Rafe Spall: “Yeah most of the really funny bits were improvised…”
Dan Mazer: “Well, Rafe would come in on his days off and just, y’know, improvise on behalf of other people, just to spruce it up…”
Rafe Spall: “I’d do a bit of work, come in, do a bit of work with the actors, give it a bit of a polish, give it a bit of a buff…”
Dan Mazer: “What was brilliant and what I did very deliberately in the casting process, and one of the reasons I loved Rafe initially, is that I wanted to cast people who were brilliantly funny in their own right.

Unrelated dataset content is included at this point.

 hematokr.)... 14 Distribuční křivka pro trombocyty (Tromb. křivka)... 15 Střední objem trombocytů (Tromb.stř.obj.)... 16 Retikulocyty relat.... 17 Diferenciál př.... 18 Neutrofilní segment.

People who you could sit down in a room with, and know you could have a laugh and that their first point of call was comedy, and that they would be comfortable and easy with comedy.
“Because I want this film to be first and foremost funny, so it would have been ridiculous not to let people improvise, and so when you’ve got people like Rafe, Rose, Stephen [Merchant], Olivia [Colman], and everybody, all those people who are naturally funny on set, you’ve kind of got to let them do their thing.
“It’s like Lionel Messi on the pitch and putting him in goal, it would be an idiotic thing to do. So they all went out there and they were brilliant. “
Rafe Spall: “Yeah and that’s a really nice thing to have someone, who is encouraging you to do that, but most of it was rubbish. It’s true! The nature of improvising is quite vulnerable in a way, because you have to throw so much stuff out there, it’s like you throw everything against a wall and see what sticks, because you’re all just searching for inspiration really, and every now and again you’ll get a gem, and most of the stuff…”
Dan Mazer: “No, I think most of it was brilliant. I ended up with a three-hour assembly of this movie and, when I came to edit it. Some of the funniest stuff in the movie comes straight from the actors, and it’s brilliant to have that resource, and for me to get the credit for it. So, if we could actually cut out all the stuff that was improvised and say it wasn’t, that would be ideal.”